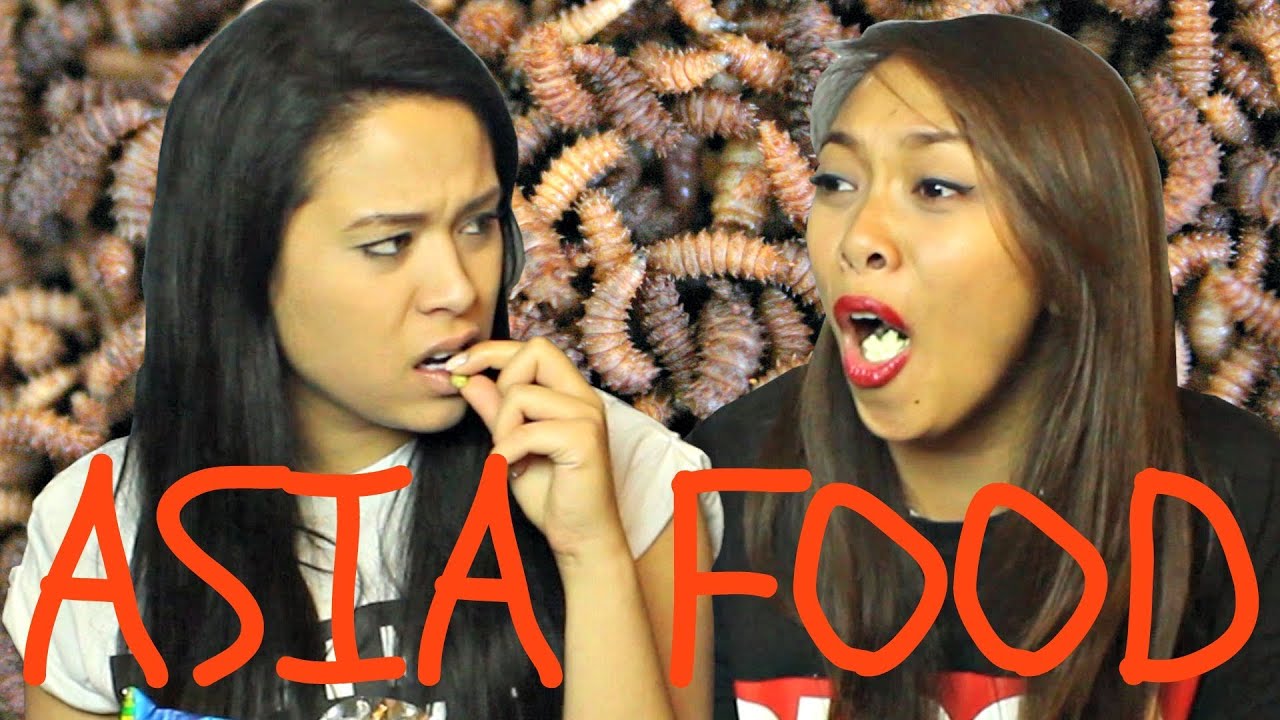 ASIA CANDY CHALLENGE - ASIATISCHE 
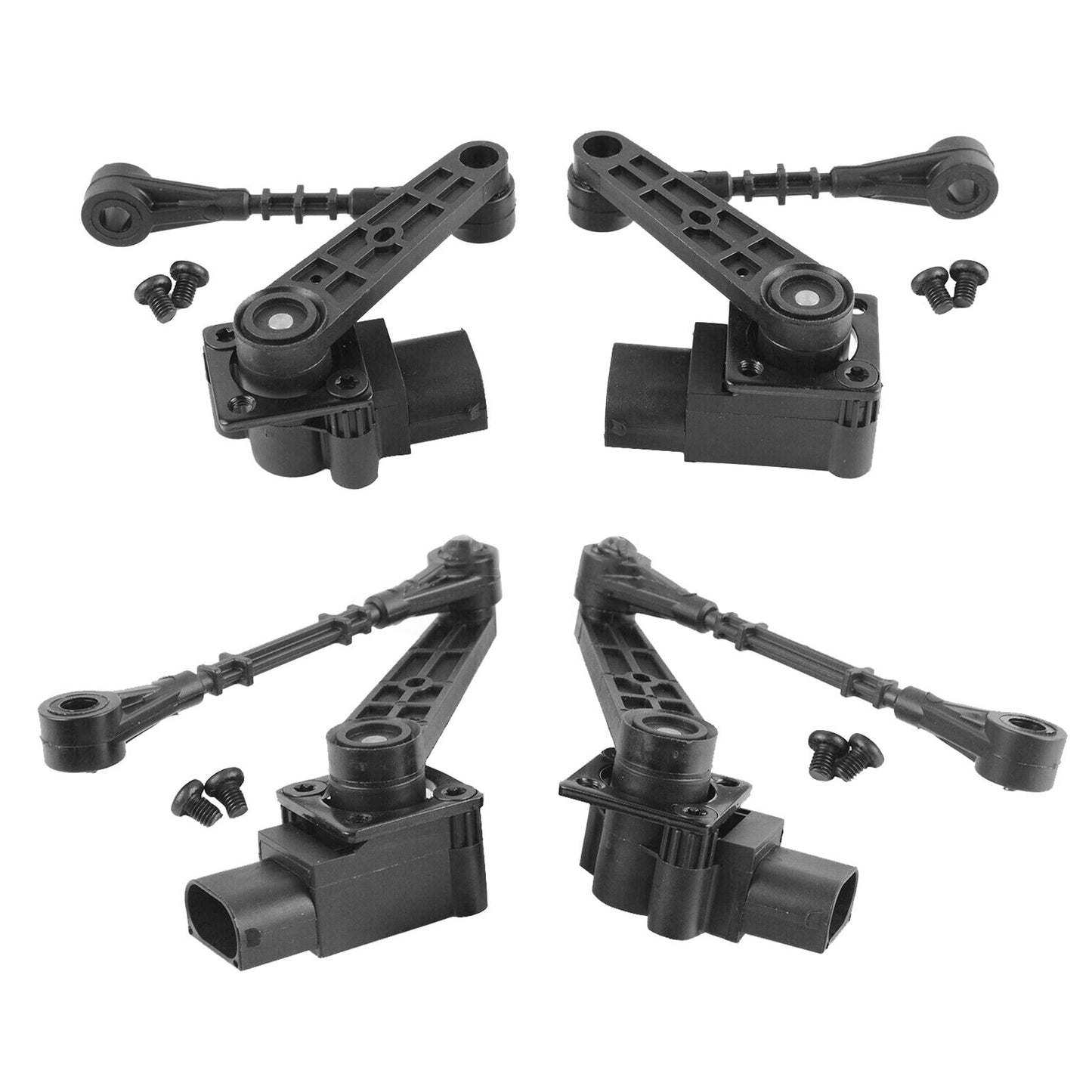 4x Air Suspension Height Sensor Suitable for Land Rover Discovery 3 4.0L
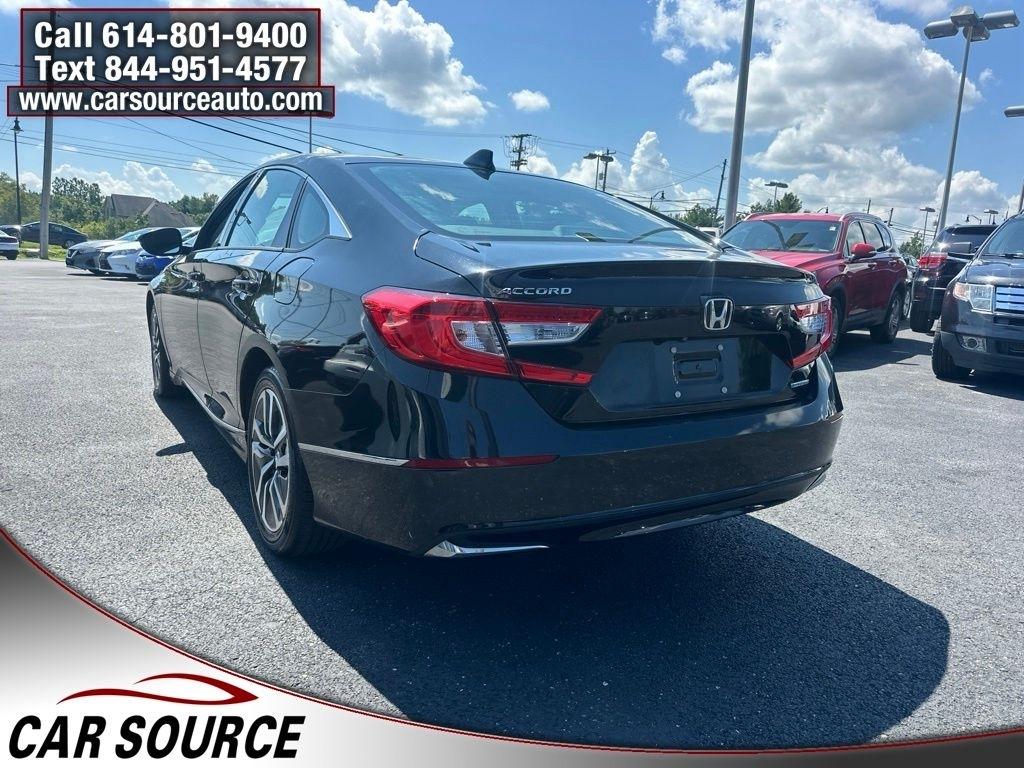 Honda Accord Hybrid  2018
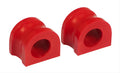 Prothane Chevy Beretta / Cavalier Front Sway Bar Bushings - 30mm - Red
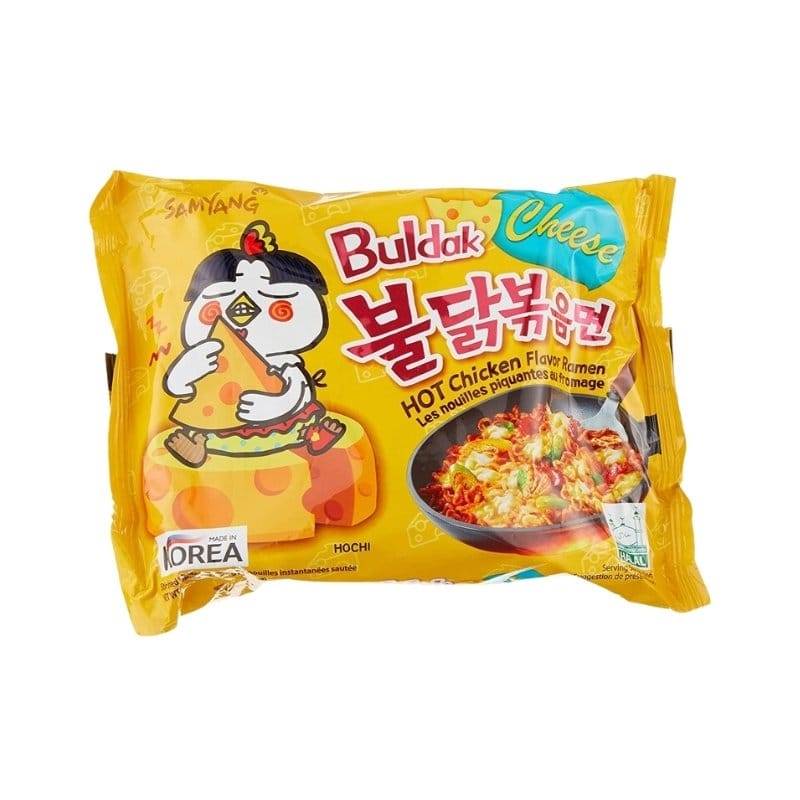 Samyang Cheese Buldak Chicken Flavour Ramen (140 g)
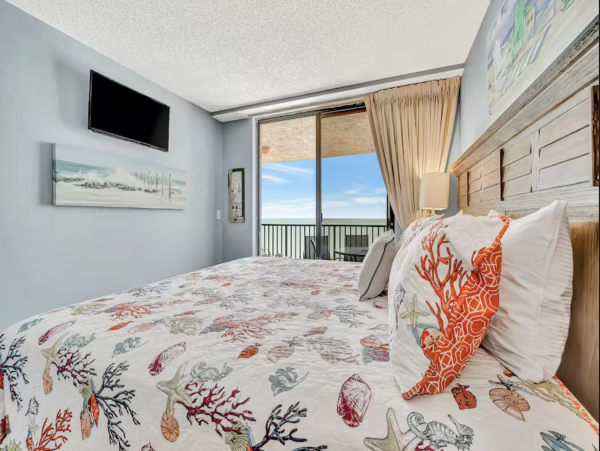 Luxury Marco Island Vacation Rental - Ocean View Florida Condo with Pool & Beach Access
★ ★ ★ ★
Please return only the lines from the top of the data through the line with "Samyang Cheese Buldak", exactly as written, and drop every picture.

#### Your response:
 ASIA CANDY CHALLENGE - ASIATISCHE 
 4x Air Suspension Height Sensor Suitable for Land Rover Discovery 3 4.0L
 Honda Accord Hybrid  2018
 Prothane Chevy Beretta / Cavalier Front Sway Bar Bushings - 30mm - Red
 Samyang Cheese Buldak Chicken Flavour Ramen (140 g)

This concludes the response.